July 21, 2015
Jessica Handibode is an AVAC staff member.
Whenever I see or deliver a presentation about the state of HIV cure research one of the most interesting topics is how the field is defining what it means to be cured of HIV infection. Many researchers and community groups have pushed for the term “remission” to be used since there are no scientifically proven tests to determine whether an individual’s HIV will return. Recent cases of HIV “cures”—as they were reported in the media—like the two men from Boston and the Mississippi Child, have all ended in viral rebound. This further strengthens the case for the use of the term remission.
At the IAS 2015 conference on Monday, Dr. Asier Sáez-Cirión, of the Pasteur Institute in Paris, the same researcher working with the VISCONTI Cohort, introduced the world to an eighteen-year-old HIV-positive female living without treatment for over 11 years. This young woman offers a proof-of-concept for long-term control of HIV without treatment and pushes how the field might define remission of HIV.
What are the facts?
This young woman was born to a woman living with HIV who did not have viral control. Shortly after birth, the young woman was put on antiretroviral therapy and confirmed to be HIV-positive four weeks later. The mother reports that her daughter had challenges taking medication consistently during the first seven years of her life and that she stopped ART altogether twice.

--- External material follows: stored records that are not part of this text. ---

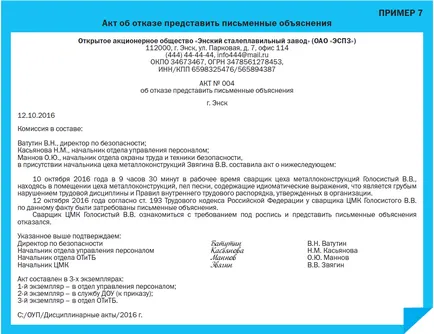 Редът на Създаване, регистрация и организационни действия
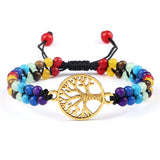 bracelet bouddha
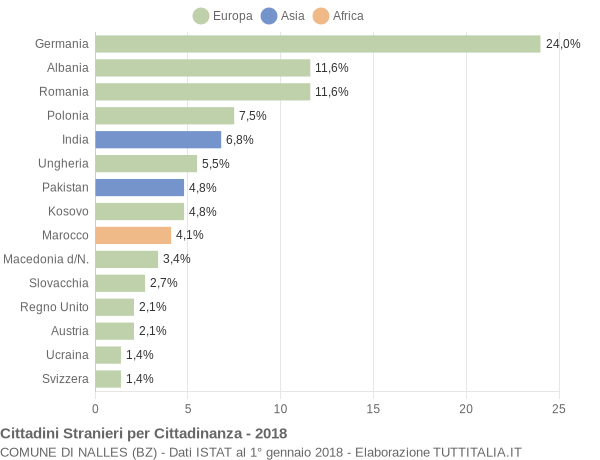 Grafico cittadinanza stranieri - Nalles 2018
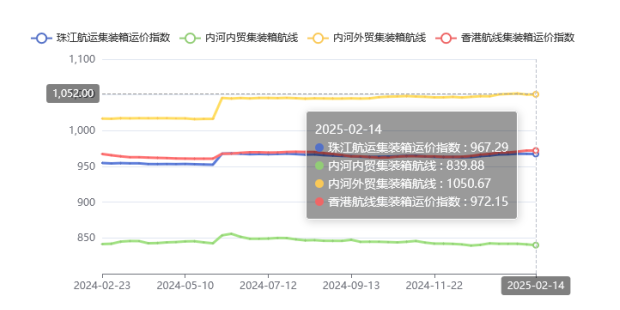集装箱航线运价整体维稳，，，，，，2025年第五期珠江航运指数小幅下跌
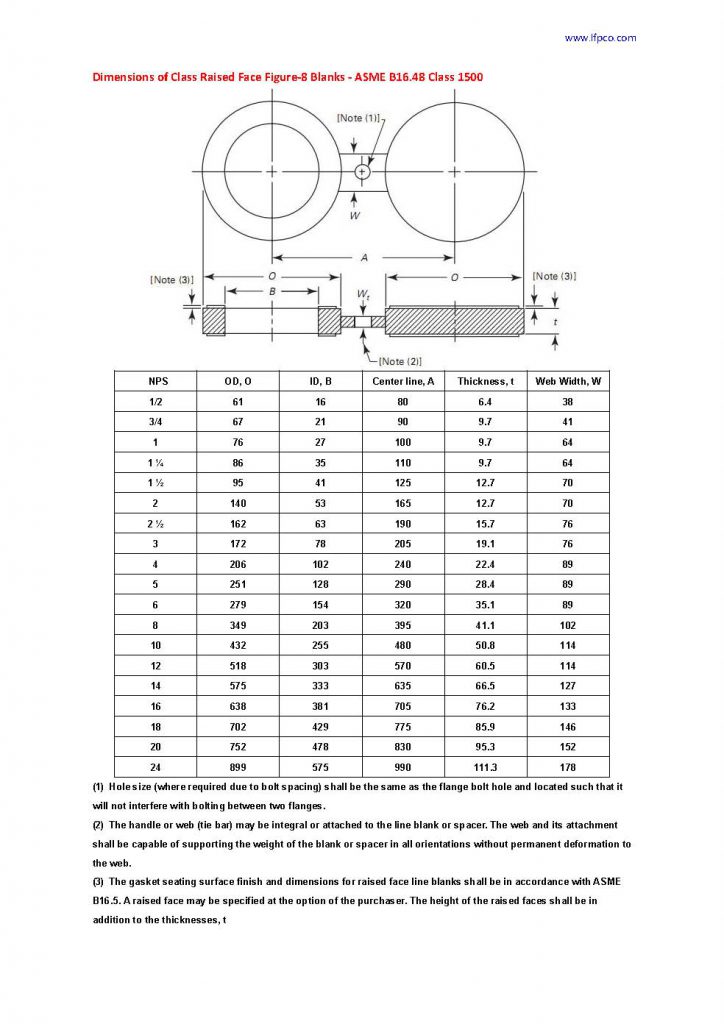 Dimensions Of Raised Face Figure 8 Blanks Asme B1648 A519 4130 A519 4140 Alloy Steel Pipes 4052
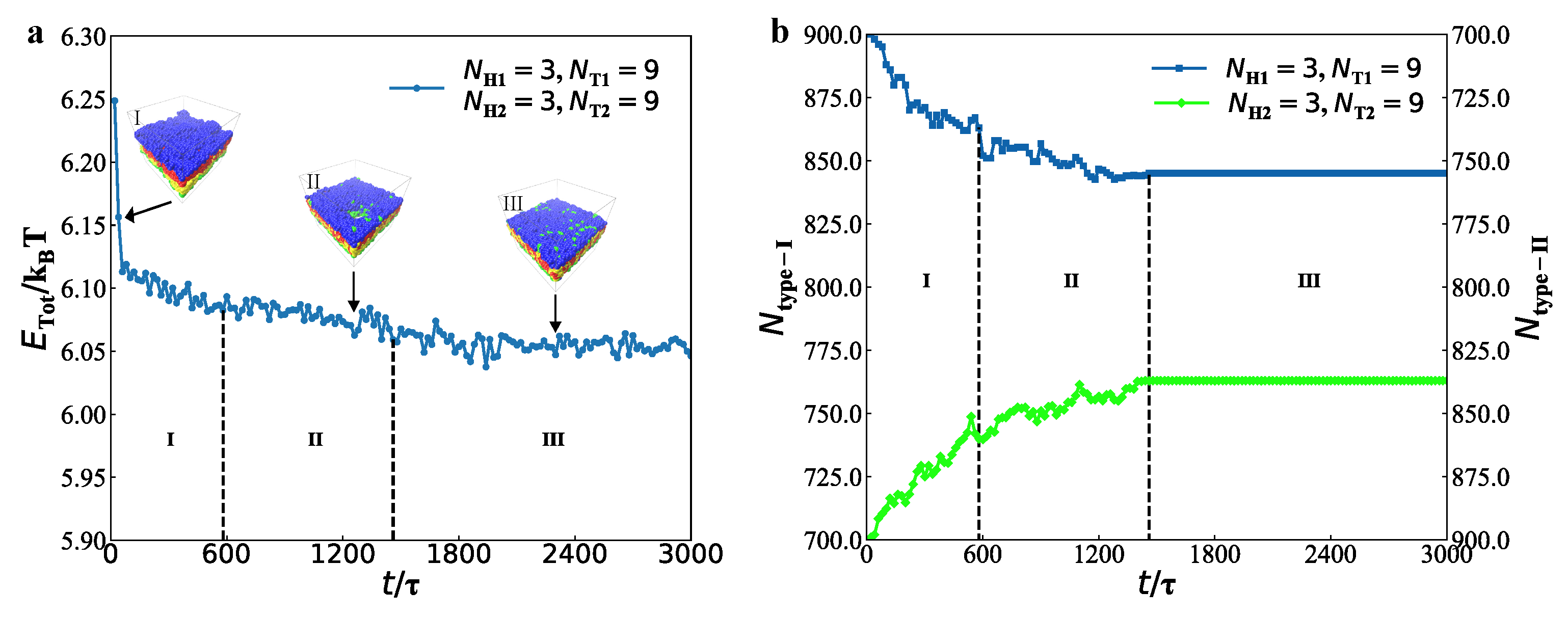 Membranes 12 00730 g006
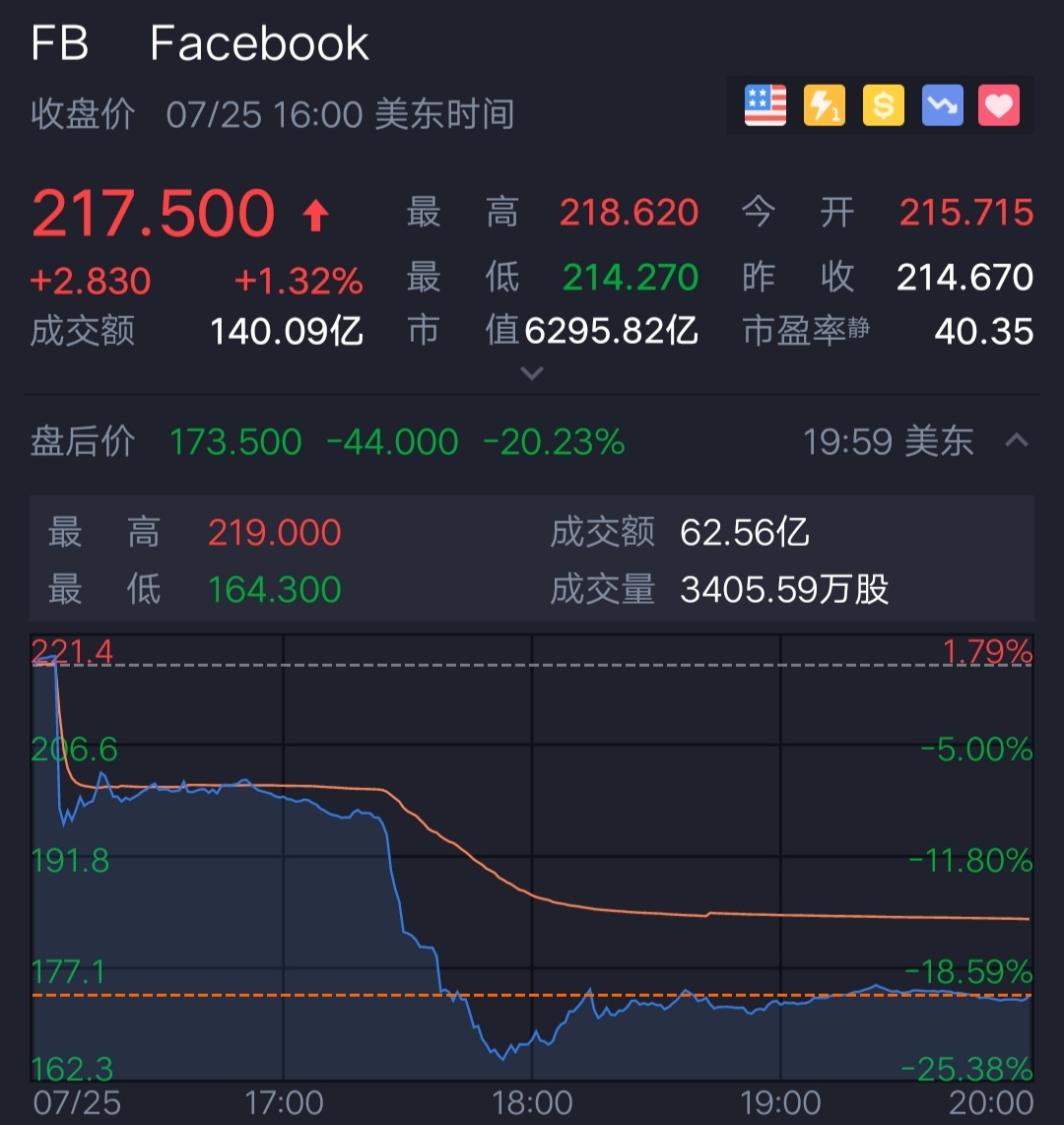 脸书二季度多项业绩不及预期 盘后市值蒸发逾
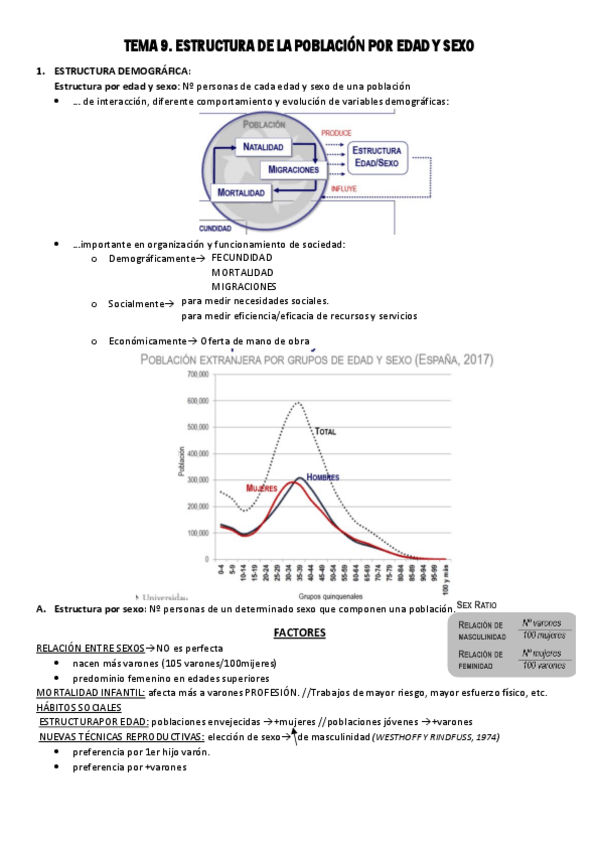 Miniatura del documento tema 9.pdf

During both treatment interruptions she experienced viral rebounds 75,190 copies/mL of blood & 97,000 copies/ mL of blood respectively. After both viral rebounds, she started treatment again and achieved virologic suppression. When the girl was about six years old, she stopped treatment and doctors’ visits. In research parlance, she was “lost to follow-up”. When the young woman returned to care a year later, she had an undetectable viral load. Since then, this young woman, who is now 18 years old, has remained undetectable without treatment except for two viral blips. Viral blips, or viremia, are periods where the number of viral copies rises above the limit of detection (40 viral copies/mL of blood). The first viral blip occurred at 11 years (509 copies/mL of blood) and the second at 14 years (48 copies/mL of blood). However she hasn’t been cured. In lab tests, HIV can be isolated and grown from cells from her blood.
What does this all mean?
Well, first it means that this young woman can control her virus without treatment, but her virus has not been eradicated. Since researchers can stimulate her cells to start producing virus in the lab, it is possible that she could experience another rebound. This is also supported by the two viral blips she experienced at 11 and 14 years old. In spite of this, she is capable of long-term virologic control—without ART.
Is she in remission or is she just controlling her virus?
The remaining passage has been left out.